Fire prevention never stops even for deer / elk camp. Gotta be carful with them wall tents!


----------



## FM William Burns (Nov 21, 2010)

More to do with those who "must" eat their red meat over done. Never saw a grill bubble the outer paint before. The lodge owner insisted......"hey turn all the burners up to high." Didn't want any part of letting meat rest. When I saw the flames coming out of the vents FMWB took over and turned off the gas, pulled the grill away from the soffet and salvaged the steaks by removing the fuel/fat. I used my Coors Light to damper the remaining flames. Sometimes fast response suppression is necessary and you're right, maybe at minimum....a Type K portable will be forthcoming.


----------



## Jobsaver (Nov 21, 2010)

Well, no need to over-reach. Though, now, there is no option. *Camp residents shall keep plenty of Coors Light on hand within line-of-sight while cooking*.


----------



## FM William Burns (Nov 21, 2010)

Yea, maybe a proposal forthcoming to the IRC for camps     Really didn't want to give up the silver bullet though


----------



## jpranch (Nov 21, 2010)

Jobsaver said:
			
		

> Well, no need to over-reach. Though, now, there is no option. *Camp residents shall keep plenty of Coors Light on hand within line-of-sight while cooking*.


Love it! LOL!!!


----------



## mark handler (Dec 4, 2010)

Dear santa

View attachment 285


View attachment 285


/monthly_2010_12/572953bb5e3b6_Picture1.jpg.52a52a1e335b1c658ea7c7ddf175d982.jpg


----------



## fatboy (Dec 4, 2010)

Got that in my email yesterday........pretty funny.

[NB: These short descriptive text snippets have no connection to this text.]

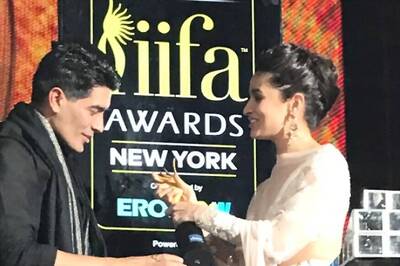 IIFA 2017: When Manish Malhotra Tripped On Stage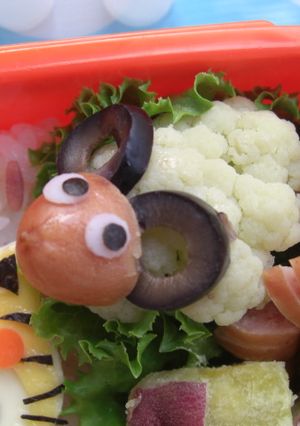 カリフラワーで羊さん　キャラ弁のおかず-レシピのメイン写真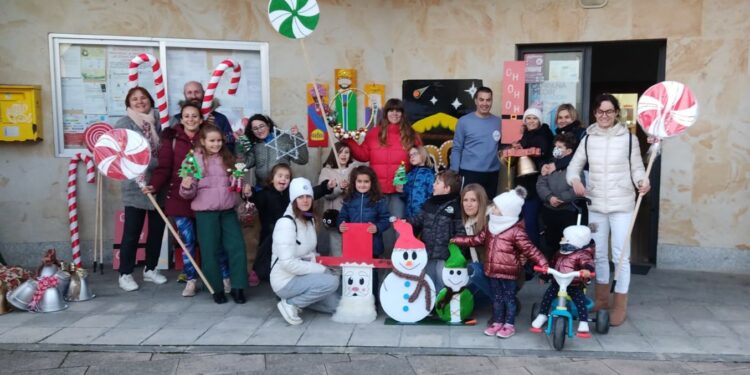 Los vecinos salen a las calles para decorarlas y llenarlas de ambiente navideño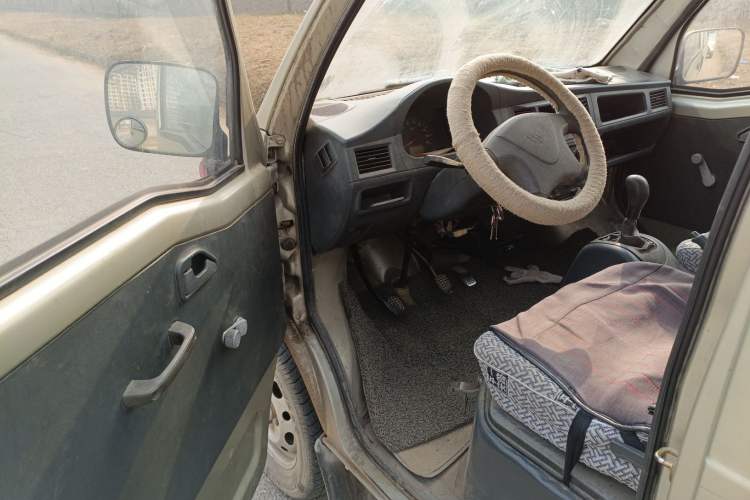 Used Wuling Zhiguang 2010 1.0L Liye Edition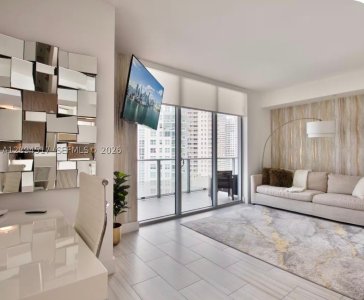 Brickell House Condo Apt #1711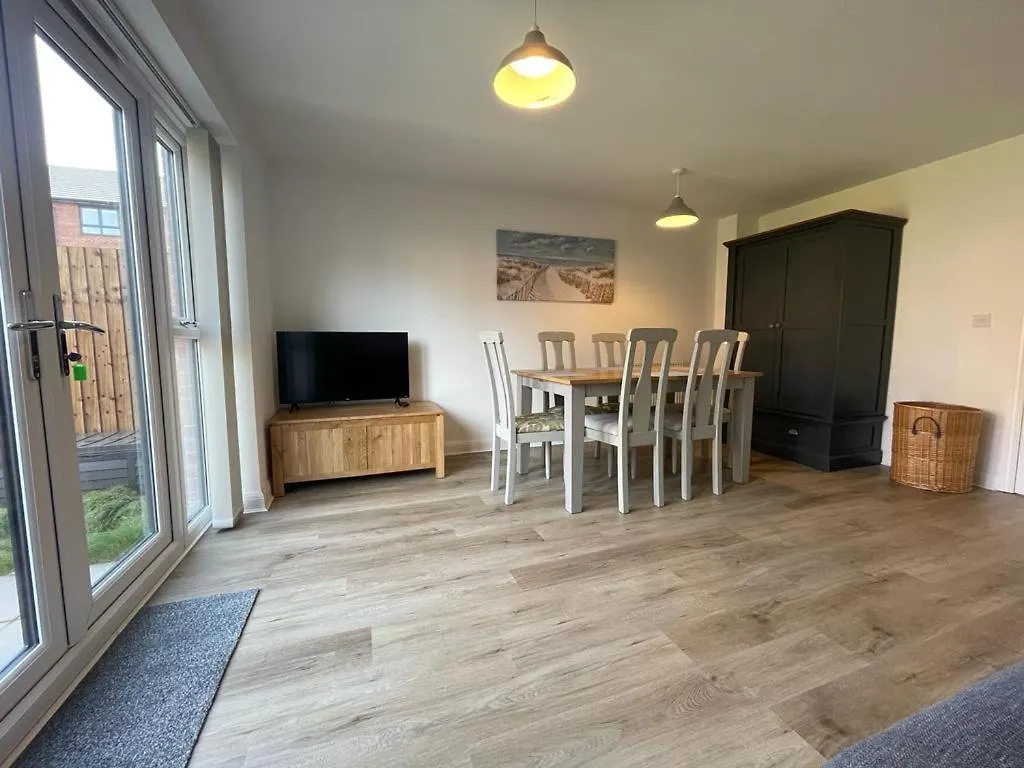 Apartment Barry Waterfront Stays - Entire 3 Bed Property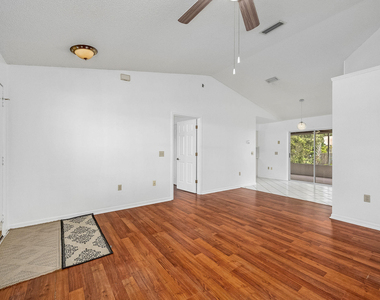 7175 Durban Avenue - Photo Thumbnail 3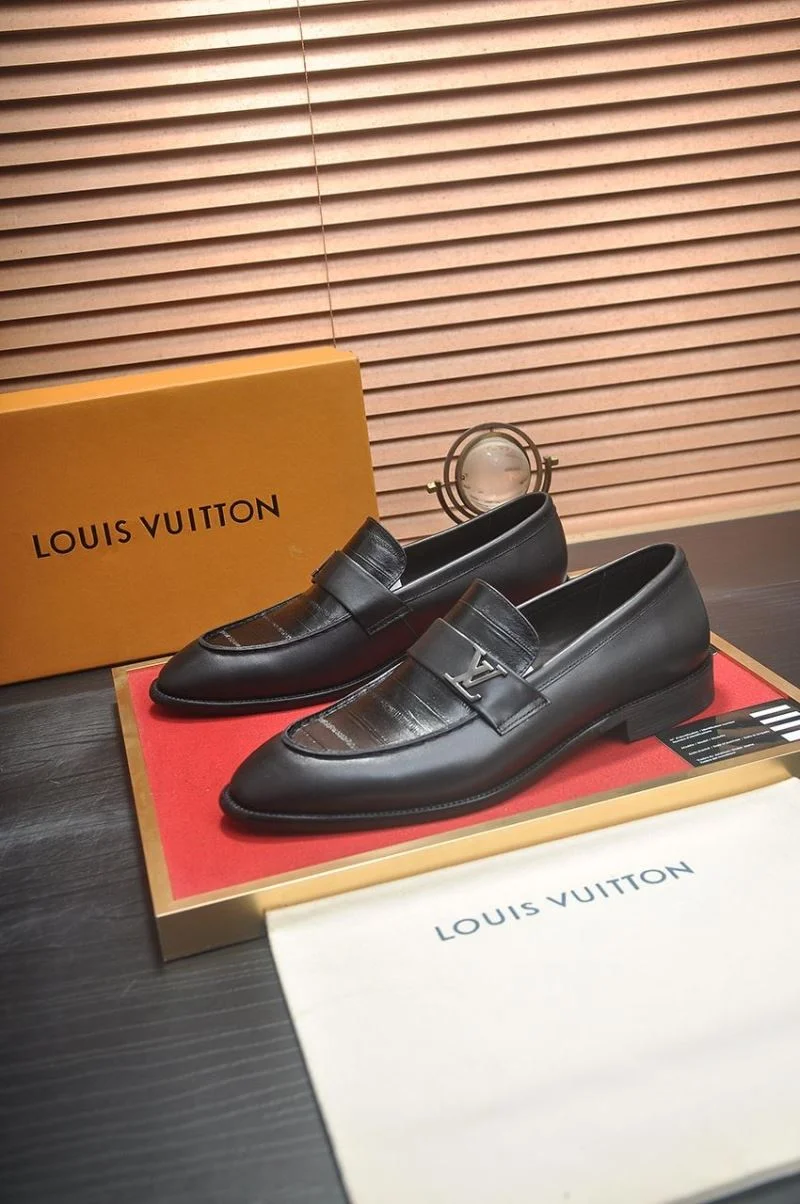 Sustainable Louis Vuitton Business Shoes 33003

And........FMWB, that is an appropriate use of a Silver Bullet, since it's not fit for drinking.......haha

Now, if you had to sacrifice a Fat Tire......that's a whole nother story.


----------



## FM William Burns (Dec 4, 2010)

Love that pic.

Fatboy.....all stocked up with FT now.  If you have not tried it yet and can get it out there, Great Lakes Brewing Company makes a real good one called Elliot Ness:

http://www.greatlakesbrewing.com/beer/an-exceptional-family-of-beers


----------



## jpranch (Dec 4, 2010)

Mark, too cool!


----------



## Jobsaver (Dec 5, 2010)

Mark: Seriously twisted!


----------